Liling Tan learns Spanish to cover women breaking barriers in diplomacy

Digital Original

¡Saludos! For part three of our web series on U.N. languages, Liling Tan tries her hand at a news story in Español! Follow her as she dives into another new language, looking into the Latin women helping to break the glass ceiling in politics and diplomacy.

Colombia Ambassador to the U.N. Maria-Emma Mejia is one of a growing number of female ambassadors to the United Nations, at a time when the role of women in diplomacy is increasingly in the spotlight.

“The role of a female ambassador or a woman in a leadership role in the United Nations is fundamental, whether they are representing a country, within the U.N. system itself, or agencies or programmes, because that is the world,” Mejia said. “What we reflect is that 51 percent of the world today is composed of women. Women who already go to school, to university, who now have more rights. One way or another, we matter.”

Mejia is among women breaking barriers in Colombia. In this election year, there have been several female candidates for both the presidency and the vice-presidency. But there is still a long way to go.

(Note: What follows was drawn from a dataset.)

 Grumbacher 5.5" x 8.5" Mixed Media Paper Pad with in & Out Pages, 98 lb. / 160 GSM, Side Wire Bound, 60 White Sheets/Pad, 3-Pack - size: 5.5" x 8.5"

“The field of politics is still very ‘male dominated,’ as English speakers would say. It’s still a man’s world, no? And I believe us, women, need to have a lot of perseverance and really insist on breaking those barriers,” Mejia said. “Women are also breaking barriers within the U.N. The Secretary General Antonio Guterres in January announced that 50 percent of all senior positions were held by women.”

The goal is reach parity at all levels of the U.N., and around the world. Helping him in that endeavor, is U.N. Women.

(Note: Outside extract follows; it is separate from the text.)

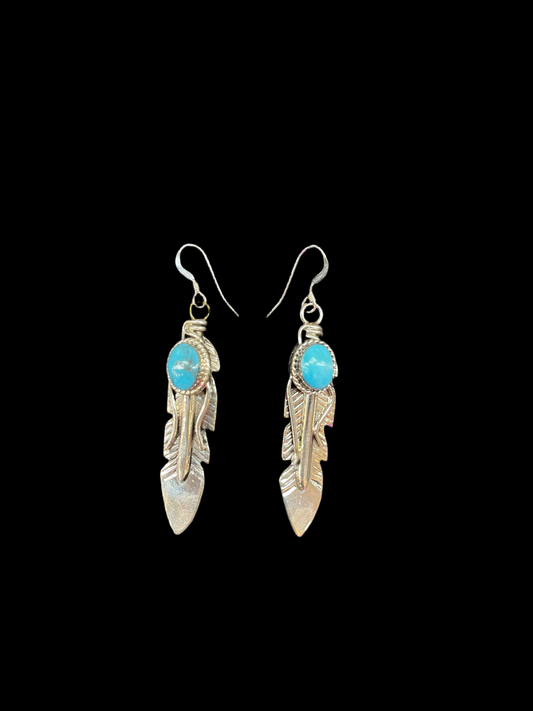 Feather Dangles with Kingman Turquoise by Gilbert Smith, Navajo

“I want to believe that the creation of U.N. Women has not only allowed U.N. Women to invite civil society, governments, the private sector to reflect on how much more the world would gain in social conditions, in peace, in human rights and in the economy too, if women had their rightful place,” U.N. Women Director Maria-Noel Vaeza said.

U.N. Women is working with governments around the world, including China.

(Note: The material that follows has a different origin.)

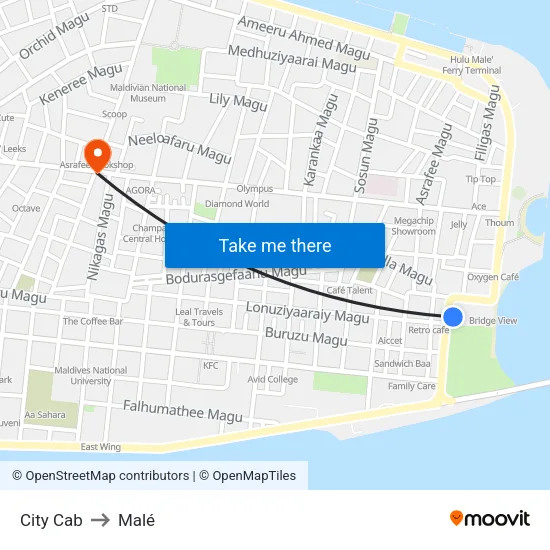 City Cab to Malé map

Vaeza said China’s president Xi Jinping has played a very important role in their partnership, championing gender equality at home and abroad, under the Beijing platform for Action.

“And for us, China is a strategic ally, not only to work in China, but to work in the world world because China has very important influence in the world,” Vaeza said.

The U.N.’s push for gender equality also extends from governments into the private sector, where U.N. Women says only one in ten CEOs are women.